Brief: Copy out all of the data word for word. Omit every picture.

Data for the task:
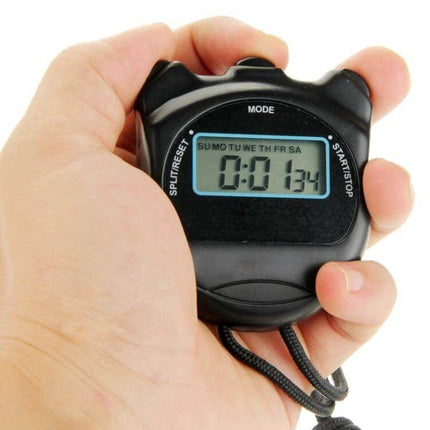 PS50 Stopwatch With Strap For Everyday Sports Timing handheld black stopwatch with strap showing 0:01.34 on digital display
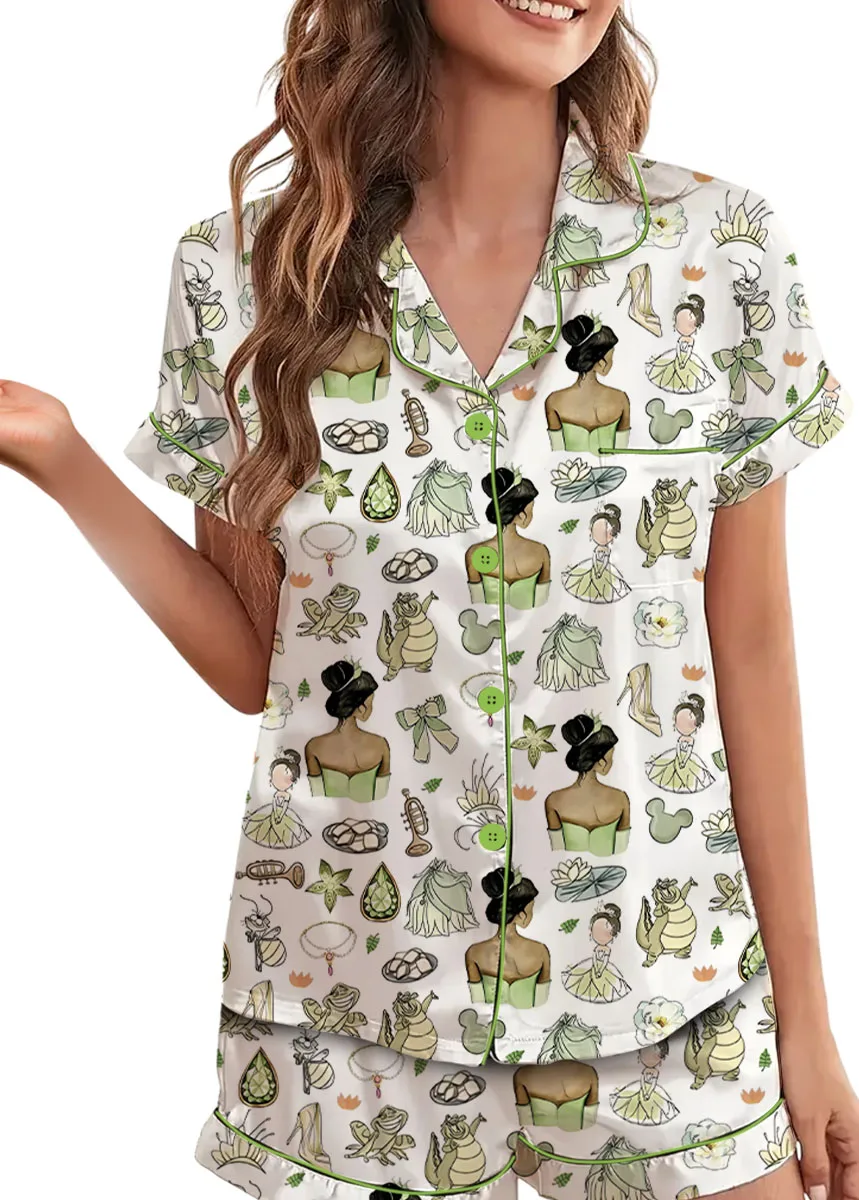 Women’s Princess And The Frog Satin Pajamas Set, White Color, US Size S-5XL - Image 3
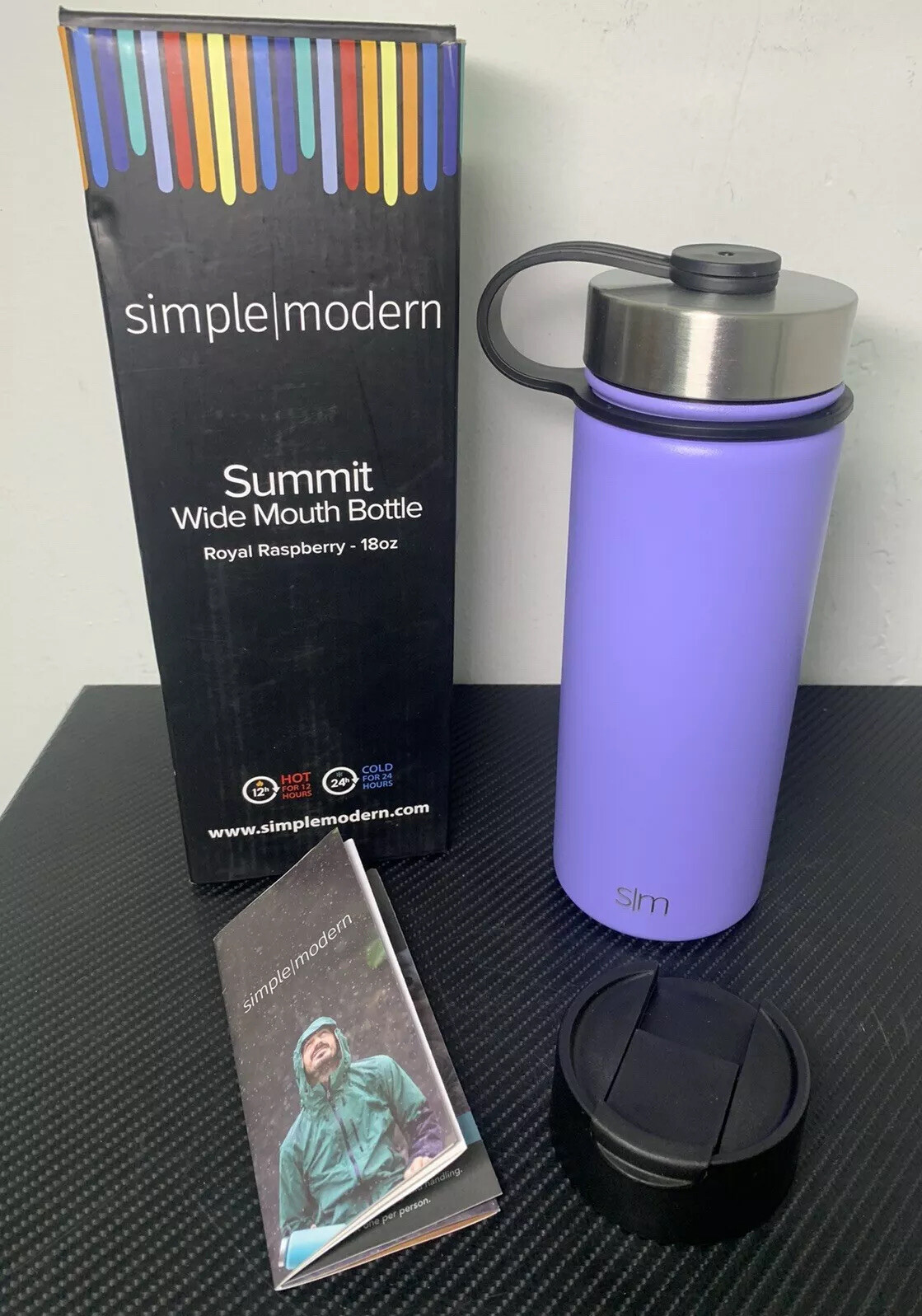 Simple Modern Summit 18oz Insulated Water Bottle + Extra Lid (Royal Raspberry)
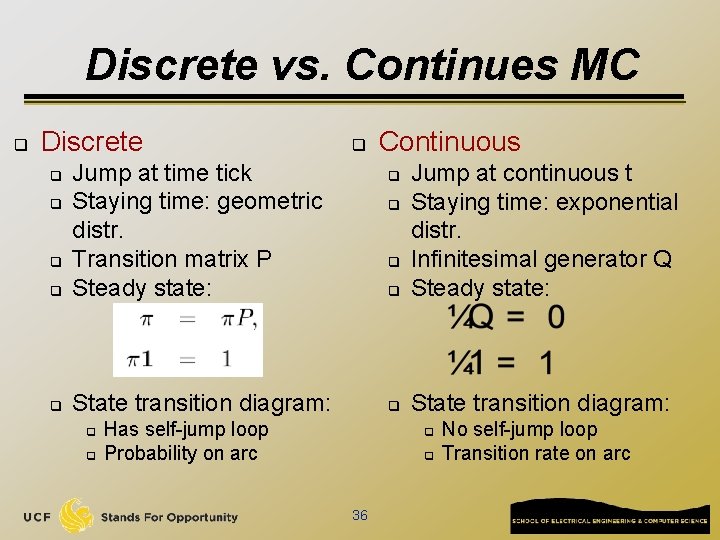Discrete vs. Continues MC q Discrete q Jump at time tick Staying time: geometric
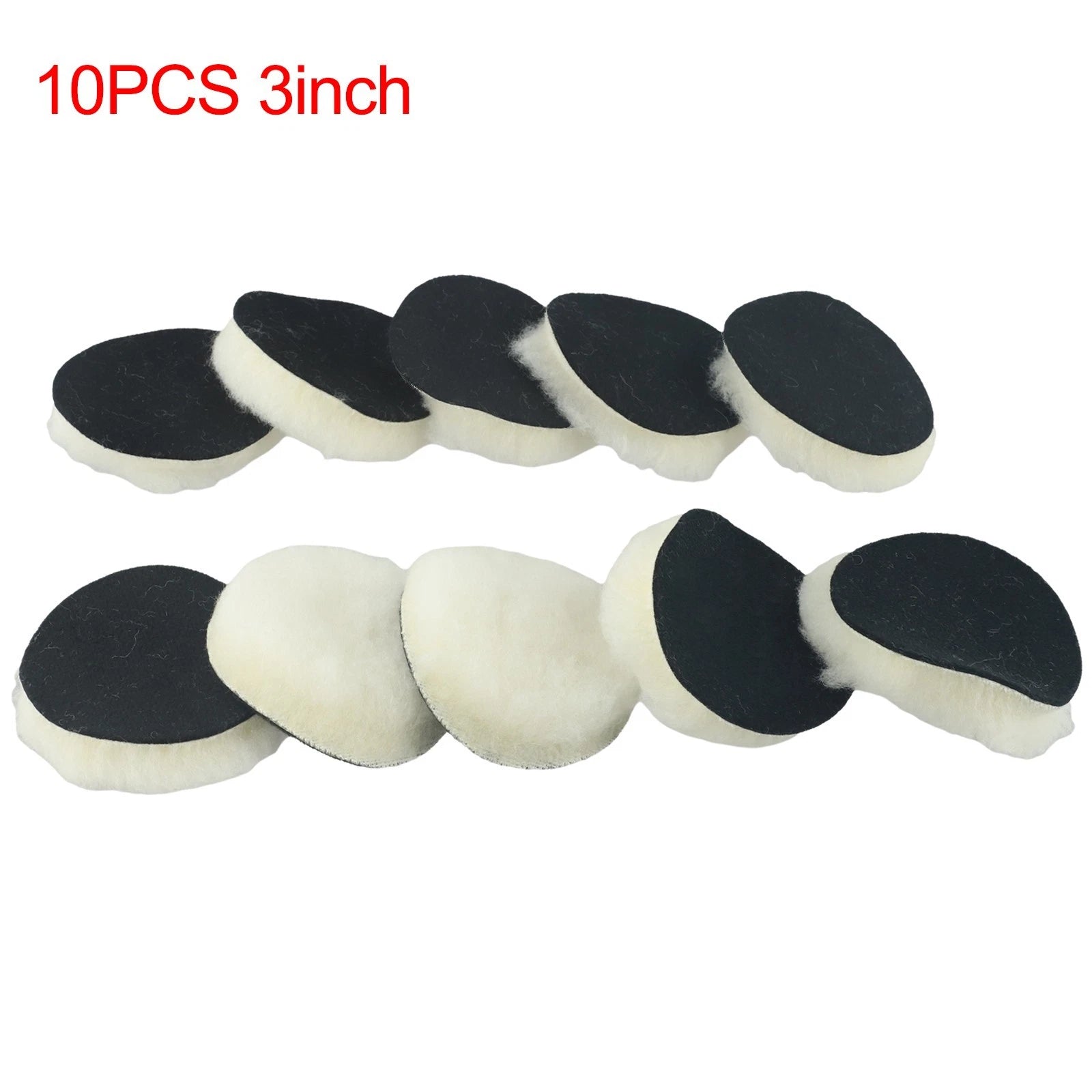 10 Piece Set of 3 Inch Wool Polishing Pads for Auto Detailing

Output for this exercise:
 PS50 Stopwatch With Strap For Everyday Sports Timing handheld black stopwatch with strap showing 0:01.34 on digital display
 Women’s Princess And The Frog Satin Pajamas Set, White Color, US Size S-5XL - Image 3
 Simple Modern Summit 18oz Insulated Water Bottle + Extra Lid (Royal Raspberry)
Discrete vs. Continues MC q Discrete q Jump at time tick Staying time: geometric
 10 Piece Set of 3 Inch Wool Polishing Pads for Auto Detailing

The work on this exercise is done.